[Stored data]
________

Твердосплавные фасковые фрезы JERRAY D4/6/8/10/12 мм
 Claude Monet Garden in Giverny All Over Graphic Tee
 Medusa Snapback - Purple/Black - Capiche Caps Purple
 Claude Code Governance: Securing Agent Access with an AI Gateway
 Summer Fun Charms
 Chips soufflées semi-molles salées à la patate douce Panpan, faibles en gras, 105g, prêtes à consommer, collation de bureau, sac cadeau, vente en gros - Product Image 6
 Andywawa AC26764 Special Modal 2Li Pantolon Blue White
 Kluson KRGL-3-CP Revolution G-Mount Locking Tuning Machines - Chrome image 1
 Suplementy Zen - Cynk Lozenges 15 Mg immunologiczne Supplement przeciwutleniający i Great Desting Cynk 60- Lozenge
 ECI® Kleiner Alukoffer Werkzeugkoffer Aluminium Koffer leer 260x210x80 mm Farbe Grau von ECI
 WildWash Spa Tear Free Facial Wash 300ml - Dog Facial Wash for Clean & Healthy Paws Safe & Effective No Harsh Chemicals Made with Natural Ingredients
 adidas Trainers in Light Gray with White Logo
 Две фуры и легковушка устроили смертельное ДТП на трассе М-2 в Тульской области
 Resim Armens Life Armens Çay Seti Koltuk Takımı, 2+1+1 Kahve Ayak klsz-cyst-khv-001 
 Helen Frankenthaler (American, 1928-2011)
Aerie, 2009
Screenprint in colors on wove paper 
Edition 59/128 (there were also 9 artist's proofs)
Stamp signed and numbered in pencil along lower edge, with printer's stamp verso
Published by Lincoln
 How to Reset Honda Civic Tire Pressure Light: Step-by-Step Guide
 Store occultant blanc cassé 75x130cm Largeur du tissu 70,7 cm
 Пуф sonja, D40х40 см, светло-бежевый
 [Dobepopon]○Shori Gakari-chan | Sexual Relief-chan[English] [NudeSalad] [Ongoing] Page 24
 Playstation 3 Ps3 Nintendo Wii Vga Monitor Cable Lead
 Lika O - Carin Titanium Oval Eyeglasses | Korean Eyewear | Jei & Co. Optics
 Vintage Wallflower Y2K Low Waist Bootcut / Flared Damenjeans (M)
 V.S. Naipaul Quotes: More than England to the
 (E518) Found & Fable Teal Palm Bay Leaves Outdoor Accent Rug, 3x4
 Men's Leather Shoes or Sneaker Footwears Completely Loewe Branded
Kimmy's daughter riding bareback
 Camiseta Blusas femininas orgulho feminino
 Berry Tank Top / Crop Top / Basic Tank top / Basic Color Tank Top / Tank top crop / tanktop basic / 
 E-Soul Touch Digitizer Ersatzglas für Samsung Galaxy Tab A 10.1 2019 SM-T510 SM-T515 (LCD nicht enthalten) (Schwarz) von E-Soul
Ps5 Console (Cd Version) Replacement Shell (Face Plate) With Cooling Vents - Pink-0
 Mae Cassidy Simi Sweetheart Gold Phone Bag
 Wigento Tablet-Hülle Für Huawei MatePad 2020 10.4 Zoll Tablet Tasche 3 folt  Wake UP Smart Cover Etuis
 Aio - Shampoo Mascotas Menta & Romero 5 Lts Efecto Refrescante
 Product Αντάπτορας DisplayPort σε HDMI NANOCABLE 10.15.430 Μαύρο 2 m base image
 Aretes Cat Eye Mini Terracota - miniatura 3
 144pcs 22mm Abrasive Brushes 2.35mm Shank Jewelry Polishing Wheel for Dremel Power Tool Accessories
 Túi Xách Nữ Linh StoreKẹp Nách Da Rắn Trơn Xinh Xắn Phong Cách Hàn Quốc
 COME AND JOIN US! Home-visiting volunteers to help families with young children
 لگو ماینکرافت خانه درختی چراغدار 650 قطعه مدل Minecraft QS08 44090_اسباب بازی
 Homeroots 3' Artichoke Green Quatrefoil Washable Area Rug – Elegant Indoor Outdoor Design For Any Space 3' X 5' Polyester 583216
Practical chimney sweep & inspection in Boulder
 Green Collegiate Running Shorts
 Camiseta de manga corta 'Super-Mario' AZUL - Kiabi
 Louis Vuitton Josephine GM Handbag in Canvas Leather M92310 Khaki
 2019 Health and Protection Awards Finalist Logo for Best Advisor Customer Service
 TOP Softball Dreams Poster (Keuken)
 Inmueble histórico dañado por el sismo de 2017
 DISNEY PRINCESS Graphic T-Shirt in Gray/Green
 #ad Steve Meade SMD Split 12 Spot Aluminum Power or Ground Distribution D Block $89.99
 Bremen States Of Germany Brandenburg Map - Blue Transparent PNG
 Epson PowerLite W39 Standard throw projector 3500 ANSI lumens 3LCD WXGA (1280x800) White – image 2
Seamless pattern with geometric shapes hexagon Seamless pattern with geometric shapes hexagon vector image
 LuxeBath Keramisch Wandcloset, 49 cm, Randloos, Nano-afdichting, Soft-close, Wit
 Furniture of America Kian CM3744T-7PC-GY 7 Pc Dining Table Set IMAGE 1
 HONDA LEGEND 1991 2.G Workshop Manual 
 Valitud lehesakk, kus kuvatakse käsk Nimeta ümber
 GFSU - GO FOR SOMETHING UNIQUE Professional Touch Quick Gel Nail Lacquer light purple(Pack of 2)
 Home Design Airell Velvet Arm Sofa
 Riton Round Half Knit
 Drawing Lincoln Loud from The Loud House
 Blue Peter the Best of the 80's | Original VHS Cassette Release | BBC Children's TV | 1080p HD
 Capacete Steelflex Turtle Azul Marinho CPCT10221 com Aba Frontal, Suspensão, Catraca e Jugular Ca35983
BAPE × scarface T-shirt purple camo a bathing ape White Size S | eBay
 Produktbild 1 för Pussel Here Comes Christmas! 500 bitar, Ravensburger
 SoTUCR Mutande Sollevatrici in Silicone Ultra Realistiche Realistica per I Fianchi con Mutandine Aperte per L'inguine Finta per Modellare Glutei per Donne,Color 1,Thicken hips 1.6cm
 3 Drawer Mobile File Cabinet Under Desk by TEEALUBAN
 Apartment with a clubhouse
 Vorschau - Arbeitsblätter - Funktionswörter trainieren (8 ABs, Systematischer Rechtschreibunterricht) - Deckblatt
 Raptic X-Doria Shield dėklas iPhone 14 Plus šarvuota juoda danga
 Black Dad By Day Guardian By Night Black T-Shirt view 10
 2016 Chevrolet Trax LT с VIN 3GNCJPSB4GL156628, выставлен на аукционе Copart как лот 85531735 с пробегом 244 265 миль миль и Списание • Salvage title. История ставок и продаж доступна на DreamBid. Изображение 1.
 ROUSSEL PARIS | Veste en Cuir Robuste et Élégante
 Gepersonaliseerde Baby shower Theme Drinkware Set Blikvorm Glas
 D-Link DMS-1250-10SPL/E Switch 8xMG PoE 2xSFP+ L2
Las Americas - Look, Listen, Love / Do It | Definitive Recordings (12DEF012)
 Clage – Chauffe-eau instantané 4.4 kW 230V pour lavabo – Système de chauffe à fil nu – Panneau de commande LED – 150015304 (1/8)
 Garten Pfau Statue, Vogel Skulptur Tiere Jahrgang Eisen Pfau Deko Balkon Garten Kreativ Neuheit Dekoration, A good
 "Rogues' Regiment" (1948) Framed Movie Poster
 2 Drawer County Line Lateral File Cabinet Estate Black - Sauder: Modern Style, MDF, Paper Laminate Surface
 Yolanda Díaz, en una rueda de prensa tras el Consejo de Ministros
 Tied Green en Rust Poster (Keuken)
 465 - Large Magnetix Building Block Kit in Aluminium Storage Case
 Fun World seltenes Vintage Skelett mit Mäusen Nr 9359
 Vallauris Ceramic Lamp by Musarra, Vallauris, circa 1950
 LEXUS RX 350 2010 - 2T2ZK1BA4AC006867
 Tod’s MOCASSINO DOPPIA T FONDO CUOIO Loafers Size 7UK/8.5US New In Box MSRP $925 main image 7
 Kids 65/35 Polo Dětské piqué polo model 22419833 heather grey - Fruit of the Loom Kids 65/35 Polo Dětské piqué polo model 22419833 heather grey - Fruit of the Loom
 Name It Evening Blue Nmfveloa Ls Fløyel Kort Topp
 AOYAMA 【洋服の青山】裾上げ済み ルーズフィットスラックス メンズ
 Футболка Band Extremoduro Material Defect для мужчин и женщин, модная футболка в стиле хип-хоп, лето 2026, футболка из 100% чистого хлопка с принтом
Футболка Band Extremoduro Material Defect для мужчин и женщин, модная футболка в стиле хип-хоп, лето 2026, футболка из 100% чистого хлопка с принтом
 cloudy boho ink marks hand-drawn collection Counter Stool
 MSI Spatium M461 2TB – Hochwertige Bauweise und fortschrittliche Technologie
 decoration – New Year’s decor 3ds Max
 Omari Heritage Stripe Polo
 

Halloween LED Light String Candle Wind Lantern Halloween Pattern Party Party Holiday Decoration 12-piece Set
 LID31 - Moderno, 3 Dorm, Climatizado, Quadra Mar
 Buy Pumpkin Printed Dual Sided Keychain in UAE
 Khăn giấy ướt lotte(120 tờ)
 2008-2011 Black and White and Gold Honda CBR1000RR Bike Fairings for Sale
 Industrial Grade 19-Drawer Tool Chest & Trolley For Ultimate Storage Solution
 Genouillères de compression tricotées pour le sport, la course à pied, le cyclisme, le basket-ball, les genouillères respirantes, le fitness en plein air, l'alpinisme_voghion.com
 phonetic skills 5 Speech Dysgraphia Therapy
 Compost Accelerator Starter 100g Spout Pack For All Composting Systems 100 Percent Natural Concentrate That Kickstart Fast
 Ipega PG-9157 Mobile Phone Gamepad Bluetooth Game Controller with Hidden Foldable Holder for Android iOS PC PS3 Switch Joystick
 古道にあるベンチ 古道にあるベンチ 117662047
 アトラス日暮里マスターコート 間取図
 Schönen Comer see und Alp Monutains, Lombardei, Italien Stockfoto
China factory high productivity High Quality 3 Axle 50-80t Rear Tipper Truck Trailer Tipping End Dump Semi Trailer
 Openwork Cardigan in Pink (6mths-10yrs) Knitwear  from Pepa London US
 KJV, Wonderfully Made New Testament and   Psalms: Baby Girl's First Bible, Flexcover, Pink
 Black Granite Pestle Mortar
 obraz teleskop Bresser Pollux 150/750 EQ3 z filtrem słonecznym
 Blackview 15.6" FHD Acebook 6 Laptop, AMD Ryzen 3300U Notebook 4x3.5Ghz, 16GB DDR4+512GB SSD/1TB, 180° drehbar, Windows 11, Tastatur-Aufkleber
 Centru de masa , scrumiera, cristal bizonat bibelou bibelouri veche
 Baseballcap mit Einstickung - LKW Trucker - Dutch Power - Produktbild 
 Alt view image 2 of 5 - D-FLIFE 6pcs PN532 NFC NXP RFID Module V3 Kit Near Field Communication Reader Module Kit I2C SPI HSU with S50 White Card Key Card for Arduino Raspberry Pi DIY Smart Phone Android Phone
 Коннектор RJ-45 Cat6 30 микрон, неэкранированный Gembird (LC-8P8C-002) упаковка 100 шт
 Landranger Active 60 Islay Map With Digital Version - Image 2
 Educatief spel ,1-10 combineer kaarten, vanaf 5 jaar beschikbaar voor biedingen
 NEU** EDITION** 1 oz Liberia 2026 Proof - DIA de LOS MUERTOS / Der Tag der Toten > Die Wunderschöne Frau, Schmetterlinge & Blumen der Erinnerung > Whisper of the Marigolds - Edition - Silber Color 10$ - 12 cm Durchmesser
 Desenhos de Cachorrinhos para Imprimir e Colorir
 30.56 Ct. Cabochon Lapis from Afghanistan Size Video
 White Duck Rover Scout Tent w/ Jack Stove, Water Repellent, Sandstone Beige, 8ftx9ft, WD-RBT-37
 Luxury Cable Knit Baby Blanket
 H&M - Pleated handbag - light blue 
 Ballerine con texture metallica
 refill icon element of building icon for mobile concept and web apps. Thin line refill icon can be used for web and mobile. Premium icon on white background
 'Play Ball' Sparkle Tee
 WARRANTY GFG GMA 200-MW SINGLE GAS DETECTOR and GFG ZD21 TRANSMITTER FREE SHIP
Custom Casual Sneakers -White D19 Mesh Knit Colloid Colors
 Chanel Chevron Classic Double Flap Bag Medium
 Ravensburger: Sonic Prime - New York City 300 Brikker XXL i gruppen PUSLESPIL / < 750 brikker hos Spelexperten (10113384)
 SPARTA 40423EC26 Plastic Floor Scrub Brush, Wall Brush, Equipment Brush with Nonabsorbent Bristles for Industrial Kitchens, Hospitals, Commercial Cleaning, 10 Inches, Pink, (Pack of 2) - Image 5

________

* [WHAT IS EXPECTED] Using the entries above, give again exactly the lines from the line holding "adidas Trainers in" through the line holding "Aerie, 2009". Include both end lines and nothing else.

* [OUTPUT]
 adidas Trainers in Light Gray with White Logo
 Две фуры и легковушка устроили смертельное ДТП на трассе М-2 в Тульской области
 Resim Armens Life Armens Çay Seti Koltuk Takımı, 2+1+1 Kahve Ayak klsz-cyst-khv-001 
 Helen Frankenthaler (American, 1928-2011)
Aerie, 2009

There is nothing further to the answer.